Many retirees depend on Social Security benefits or other government-sponsored retirement benefits as a primary source of retirement funds, using it to pay for everything from rent to groceries. It might come as a surprise to some retirees when they have to pay state and/or federal income taxes on the benefits they receive.
Obviously, paying taxes on your retirement benefits reduces the amount of money you have to live on. Knowing if and how your benefits may be taxed will help you plan your retirement budget.
What Might Be Taxed?
You have to pay income tax on two main types of government-sponsored retirement benefits:
- Social Security benefits, including monthly retirement, survivor, and disability benefits. It doesn't include Supplemental Security Income (SSI) payments, which aren't taxable
- Tier 1 Railroad Retirement benefits. These are part of the benefits a railroad employee would've been entitled to under the Social Security system. These benefits are commonly called the "Social Security Equivalent Benefit (SSEB) portion of Tier 1 benefits"
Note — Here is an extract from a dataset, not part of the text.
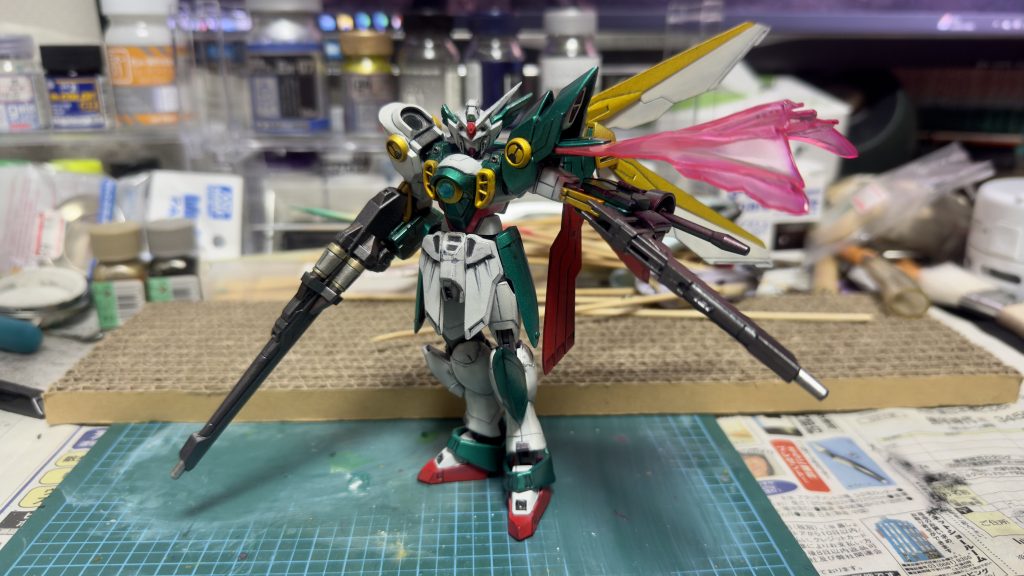 武器や関節のガンメタも良いです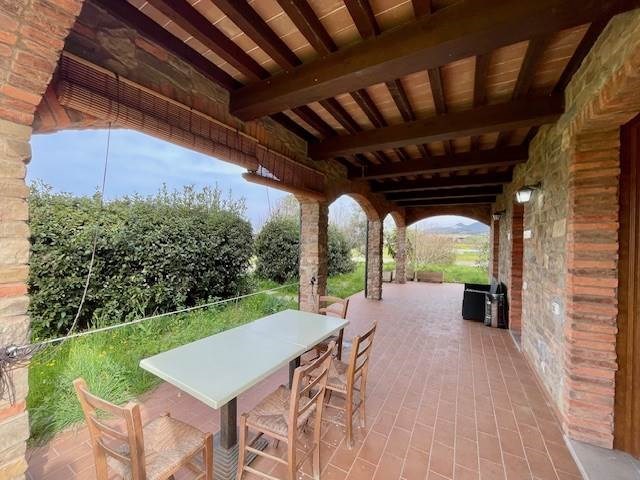 ufficio in vendita a Campiglia Marittima in zona Venturina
If you receive these benefits, you'll get a Form SSA-1099 (Social Security Benefit Statement) or a Form RRB-1099 (Payments by the Railroad Retirement Board). These forms tell you exactly how much money you received in benefits so you can complete your income tax forms.
How Benefits Are Taxed
The federal tax code sets out how much of your Social Security and Tier 1 benefits, if any, are taxable. A three-level system based on your modified adjusted gross income (MAGI) is used.
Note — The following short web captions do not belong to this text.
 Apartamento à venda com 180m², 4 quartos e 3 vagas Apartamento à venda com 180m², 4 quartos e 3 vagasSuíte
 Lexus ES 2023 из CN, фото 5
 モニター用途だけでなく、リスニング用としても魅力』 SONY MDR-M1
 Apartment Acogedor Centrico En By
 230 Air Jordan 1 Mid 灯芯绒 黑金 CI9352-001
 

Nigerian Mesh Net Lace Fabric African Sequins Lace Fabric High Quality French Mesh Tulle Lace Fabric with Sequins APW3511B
What's your MAGI? Your adjusted gross income (AGI) is all of your income, such as wages, salary, and interest you get from bank accounts, minus certain deductions, like contributions you make to a retirement account. Your MAGI is your AGI:
- Minus various other deductions, like student loan interest and some tuition expenses
- Plus any foreign earned income exclusion, which might apply if you live in and earn income in another country, and tax exempt interest, which usually is interest you get on state or local government bonds
The Three Levels
Low income taxpayers. If your MAGI plus half of your benefits are below a certain base amount, you don't have to report any of your Social Security or Tier 1 benefits. For married taxpayers filing jointly, the base amount is $32,000. For married couples who live together and file separately, the base amount is $0. For all other taxpayers it is $25,000.
For example, you're 67 years old and received $10,000 of Social Security benefits in 2010. You also earned $12,000 from a part-time job, and you have $3,000 of taxable interest and $2,500 of tax-exempt interest. Here, your MAGI is $17,500 ($12,000 + $3,000 + $2,500). None of your benefits are taxable because your MAGI plus half of your Social Security benefits ($22,500) is less than $25,000.
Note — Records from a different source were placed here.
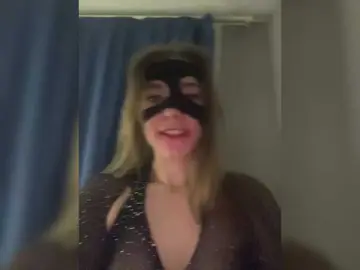 YouShlut from bongacams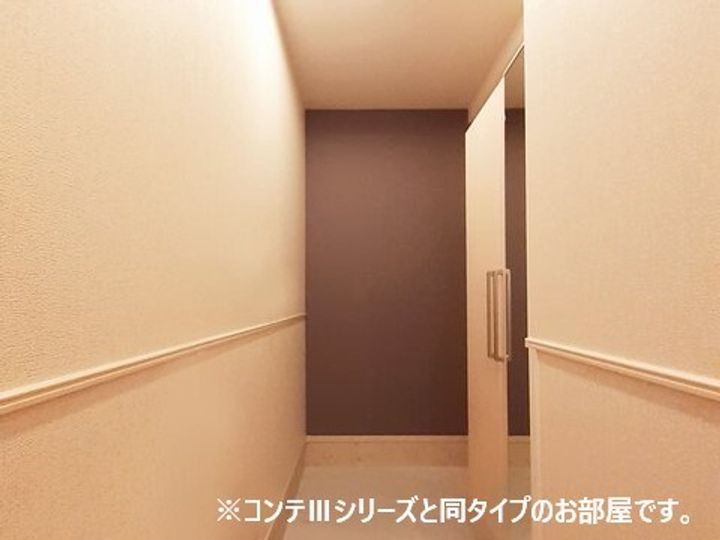 和歌山県和歌山市北新博労町(アパート)の賃貸物件の玄関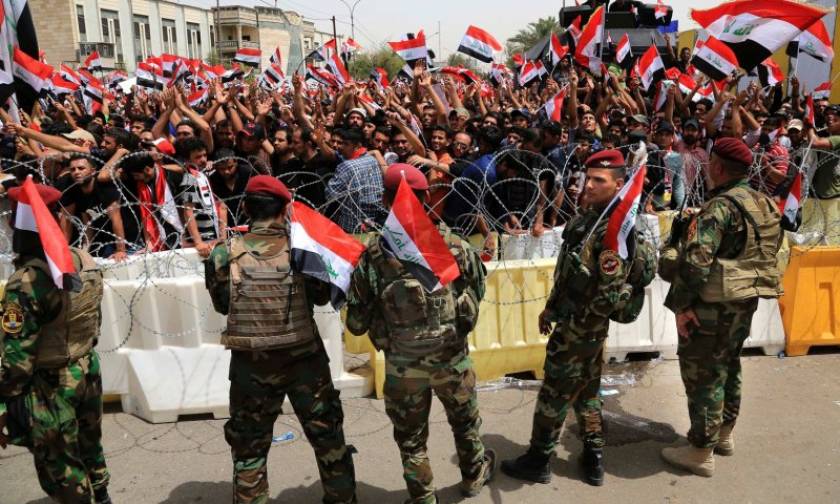 Ιράκ: Αποχώρησαν προσωρινά οι διαδηλωτές από την Πράσινη Ζώνη της Βαγδάτης (Vid)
Middle income taxpayers. If you're in this level, you may have to include up to 50 percent of your benefits in gross income. If your MAGI plus half of your benefits is more than the base amount, you have to report the lesser of:
- 50 percent of the benefits you received, or
- 50 percent of the excess of MAGI plus 50 percent of Social Security benefits over the base amount
For example, you and your wife are both 68 and file jointly. You each receive $15,000 of Social Security benefits. You earn $16,000 from a part-time job, and you have $6,000 of taxable interest. On your joint return, you report $2,500 of benefits in gross income, because:
- 50 percent of the excess of MAGI plus 50 percent of benefits over the base amount, or ($16,000 + $6,000 + ($30,000 x 50 percent)) - $32,000 = $5,000 x 50 percent = $2,500, is less than
- 50 percent of your benefits, or $30,000 x 50 percent = $15,000
High income taxpayers. Here you may have to report up to 85 percent of your benefits as gross income. If your MAGI plus half of your benefits go above an adjusted base amount, you have to report the lesser of:
- 85 percent of the benefits received, or
- The sum of: (1) 85 percent x (MAGI + one-half of your benefits) minus the elevated base amount, plus (2) the lesser of (a) the amounts calculated by a "middle income taxpayer" or (b) $9,000, or $12,000 if you file jointly, for 2010
There are three adjusted base amounts:
- $44,000 for married taxpayers filing jointly
- $0 for married couples who live together but file separately
- $34,000 for all other taxpayers
Also, 85 percent of your benefits may be taxable if you're married filing separately and you lived with your spouse during the tax year.
Get It Right
You don't want to pay taxes you're not required to pay, and you don't want to risk having to pay a penalty for not paying taxes you owe. If you receive Social Security or Tier 1 benefits, look carefully at the IRS instructions, and if you still have questions, be sure to talk to a professional tax preparer or a tax lawyer before you file.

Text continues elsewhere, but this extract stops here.